A Transatlantic Diplomatic Exchange Fellow from Ankara discovers more similarities than he expected when he spends a year in Foggy Bottom. 


American Foreign Service Association - June 2014

However long my career as a Turkish diplomat lasts, I will always cherish my year (2011-2012) at the U.S. Department of State with the Transatlantic Diplomatic Exchange Fellowship Program. This unique program allows diplomats from NATO and the European Union to work at State for a year. The Turkish Foreign Ministry highly values this opportunity for its diplomats to experience the U.S. foreign policymaking process from the inside, and to facilitate better relations between our two countries.
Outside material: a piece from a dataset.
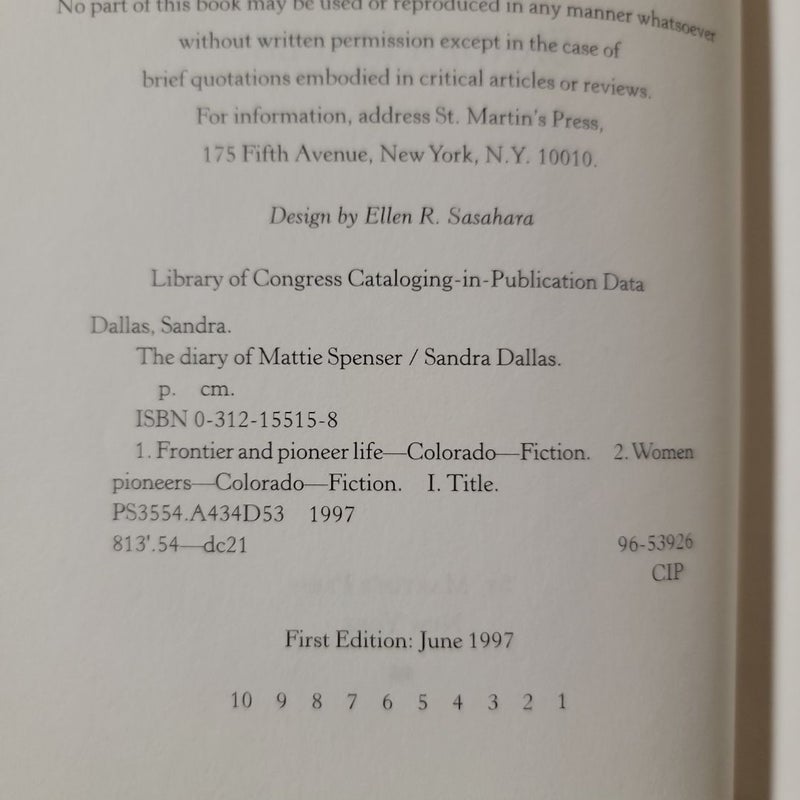 The Diary of Mattie Spenser (First Edition)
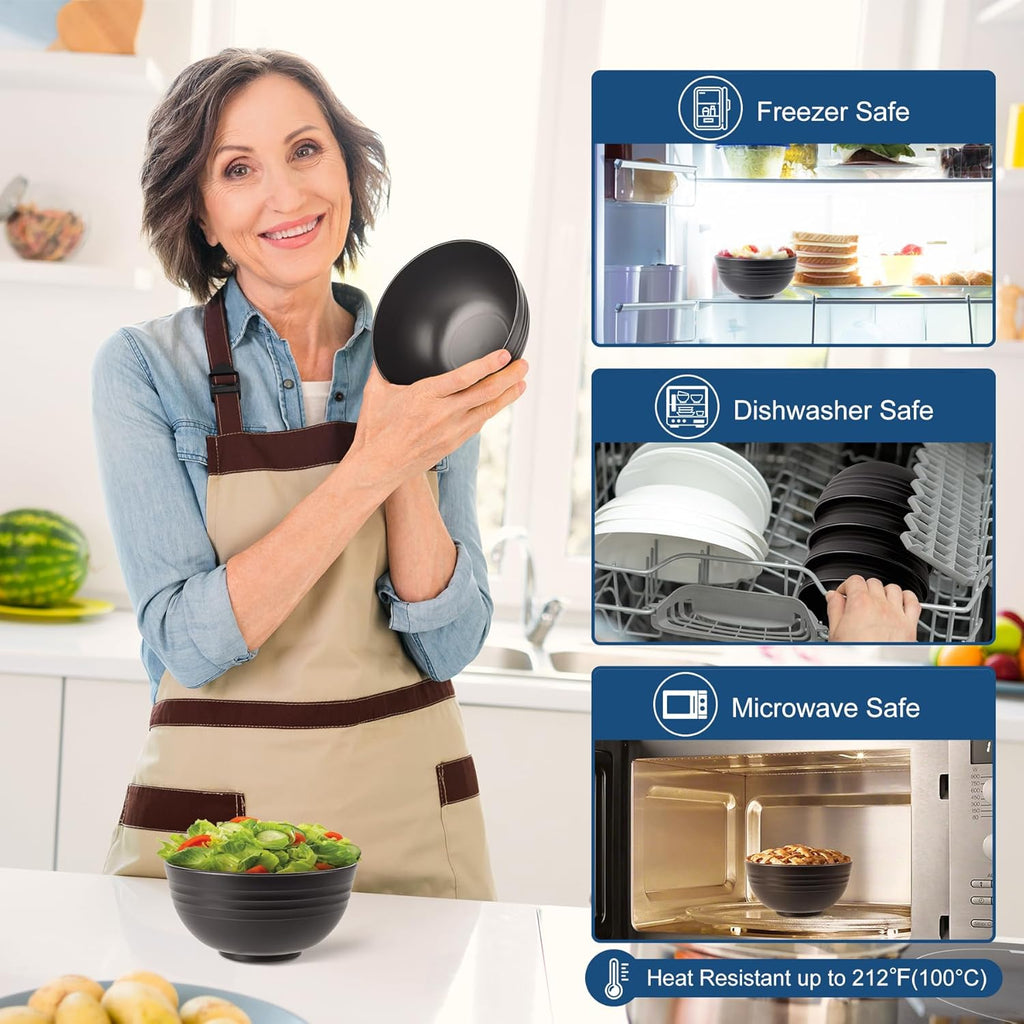 HOTEC BPA Free Unbreakable Wheat Straw Cereal Bowls - Microwave & Dishwasher Safe Soup and Salad Bowls, Set of 8, 26oz, Black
Excited as I was to be assigned to such an important program, I must confess that I had no real idea just how challenging—and rewarding—an experience it would be. It took longer than I expected to overcome a difficult-to-explain sense that I was some sort of impostor—a feeling exacerbated whenever I met someone who treated me as one of his or her “ordinary” American colleagues. In fact, many of my State Department colleagues were genuinely surprised to learn I am a Turkish diplomat, especially those who had never before met a Transatlantic Diplomatic Fellow.